Dynamically provision two PVCs for each user?

Is it possible to dynamically provide additional per user storage in Z2JH?

The default home dir generation is fine, but in addition each user should have a larger and slower storage area. For instance mounted as /home/datadir and private to each user.

I’m working my way through the Z2JH docs (very good btw) and have found the extraVolumes config, but it seems to be more geared towards precreated and shared storage.

I’m trying to migrate my current setup based on cluster of traditional virtual machines to Azure Kubernetes Service and the plan is to have the user home dir on Azure Disk as per default and have the /home/datadir on Azure Files.

Any guidance is greatly appreciated.

Thanks, but helm balks on the config in the linked post. I feel like I’m missing something obvious here as it does not seem to like the keyword azureFile.
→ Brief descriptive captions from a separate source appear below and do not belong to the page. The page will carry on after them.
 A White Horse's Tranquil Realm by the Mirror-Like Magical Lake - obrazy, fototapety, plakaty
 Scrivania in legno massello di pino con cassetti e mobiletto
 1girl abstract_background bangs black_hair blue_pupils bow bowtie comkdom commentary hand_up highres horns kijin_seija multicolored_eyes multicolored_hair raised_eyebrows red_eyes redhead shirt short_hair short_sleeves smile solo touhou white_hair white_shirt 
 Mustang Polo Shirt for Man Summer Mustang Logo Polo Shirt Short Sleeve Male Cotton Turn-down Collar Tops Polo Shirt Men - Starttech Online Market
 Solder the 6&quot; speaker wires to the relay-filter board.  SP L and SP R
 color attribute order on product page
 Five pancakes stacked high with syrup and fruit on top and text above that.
I found a way to achieve something that works quite OK by manipulating the pre_spawn_hook to strip away non-existing PVCs from the pod specification. Somewhat opposite of my initial plan, this way one can create extra volumes for each user which get mounted if the extraVolumes match. In this setup the default home dir creation is untouched and if the PVC private-datadir-{username} exists it get mounted on /home/datadir.

I feel this is rather hackish and a more structured approach should be taken. Maybe the feature request on kubespawner pans out Expose PVC Provisioning Method · Issue #747 · jupyterhub/kubespawner (github.com)
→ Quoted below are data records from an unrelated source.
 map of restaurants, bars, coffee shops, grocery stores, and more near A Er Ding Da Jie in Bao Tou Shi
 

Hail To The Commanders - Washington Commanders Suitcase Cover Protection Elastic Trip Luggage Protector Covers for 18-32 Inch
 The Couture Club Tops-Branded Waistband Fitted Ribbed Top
For completeness here’s the config I ended up with:

hub:
  extraConfig:
    checkvolumes: |
      async def check_pvcs(spawner):
        """Remove nonexisting pvcs (except default home dir) from pod specification."""
        # Assumptions:
        #   Default user dir pvc name starts with "volume-"
        #   Default user home path is "/home/jovyan"
        import copy
        spawner.log.info("check_pvcs: Doing a PVC check...")

        existing_pvcs = await spawner.api.list_namespaced_persistent_volume_claim(spawner.namespace)
        existing_pvc_names = [n.metadata.name for n in existing_pvcs.items]
        for i, volume in enumerate(copy.deepcopy(spawner.volumes)):
          expanded_volume = spawner._expand_all(volume)
          evname = expanded_volume['name']
          claimName = expanded_volume['persistentVolumeClaim']['claimName']
          if not (evname.startswith("volume-") or 
                  claimName in existing_pvc_names):
            spawner.log.info("check_pvcs: Removing nonexistant PVC %s" % str(spawner.volumes[i]))
            del spawner.volumes[i]
        filtered_pvc_names = [v['name'] for v in spawner.volumes]
        for i, volume_mount in enumerate(copy.deepcopy(spawner.volume_mounts)):
          expanded_volume_mount = spawner._expand_all(volume_mount)
          mountPath = expanded_volume_mount['mountPath']
          evmname =  expanded_volume_mount['name']
          if not (mountPath == "/home/jovyan" or
                  evmname in filtered_pvc_names):
            spawner.log.info("check_pvcs: Nonexisting PVC, removing mountpath %s" % str(spawner.volume_mounts[i]))
            del spawner.volume_mounts[i]
        
      c.Spawner.pre_spawn_hook = check_pvcs

singleuser:
  image:
    name: jupyter/datascience-notebook
    tag: lab-4.0.2
  storage:
    extraVolumes:
      - name: user-datadir
        persistentVolumeClaim:
          claimName: private-datadir-{username}
    extraVolumeMounts:
      - name: user-datadir
        mountPath: /home/datadir

Please note Azure Filshares are quite slow. Especially when working with many files as for example a conda environment or Python repository would have. Also its not a good place to store shared writeable files.

We later added a netapp fileshare. Its much faster. Still a noticeable lag when running first cell in a notebook based on a conda environment in a netapp fileshare though.

I dont have backup on the netapp fileshare. I’m told its not technically possible.

Yes, this is why I want to provide two areas per user, one fast and small (~10 GB) for $HOME using Azure Disks and one slow and large (~10TB, maybe 10X this also) datadir using Azure Files. Azure Files is quite OK if you have a few large files you need to access, small file performance is terrible. conda-env create take 40 mins on Azure Files.